TASK REQUIREMENTS: In your copy, leave out the pictures; write out all the data exactly.

SUPPLIED INFORMATION:
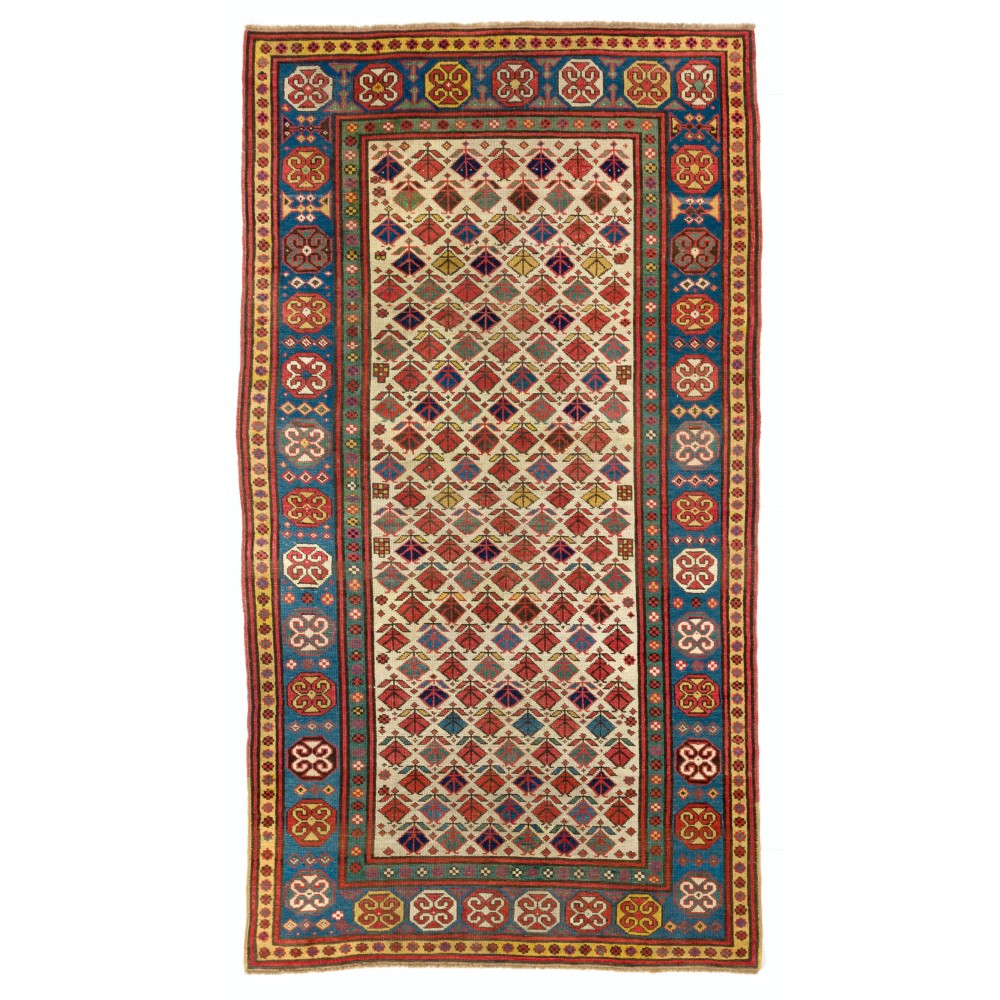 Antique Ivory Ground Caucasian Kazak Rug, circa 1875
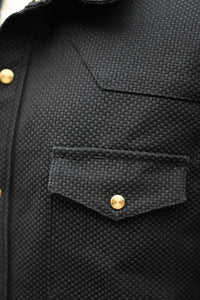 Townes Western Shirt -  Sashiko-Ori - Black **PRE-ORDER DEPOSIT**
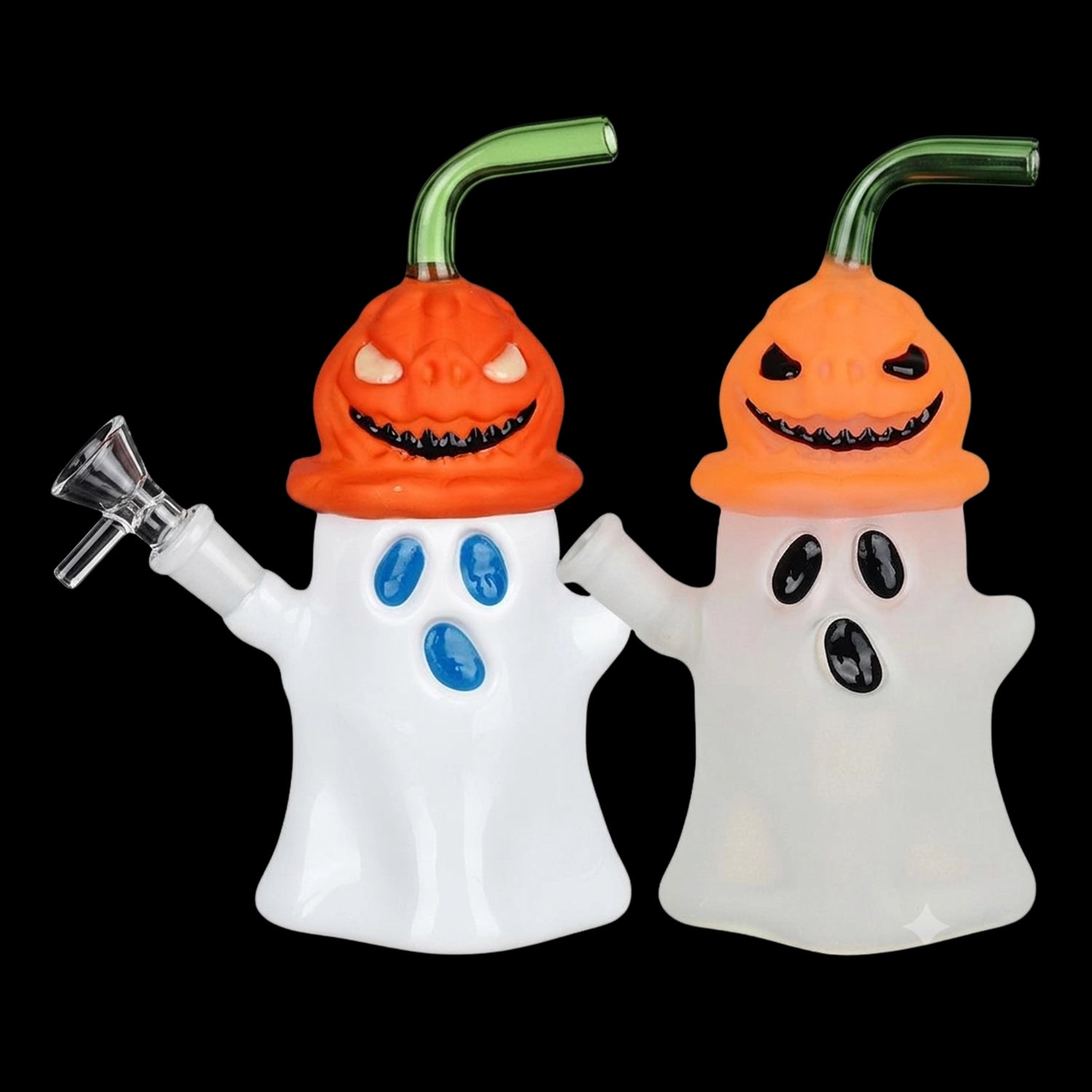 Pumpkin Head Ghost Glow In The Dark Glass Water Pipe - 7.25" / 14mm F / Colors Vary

RESPONSE BOX:
 Antique Ivory Ground Caucasian Kazak Rug, circa 1875
 Townes Western Shirt -  Sashiko-Ori - Black **PRE-ORDER DEPOSIT**
 Pumpkin Head Ghost Glow In The Dark Glass Water Pipe - 7.25" / 14mm F / Colors Vary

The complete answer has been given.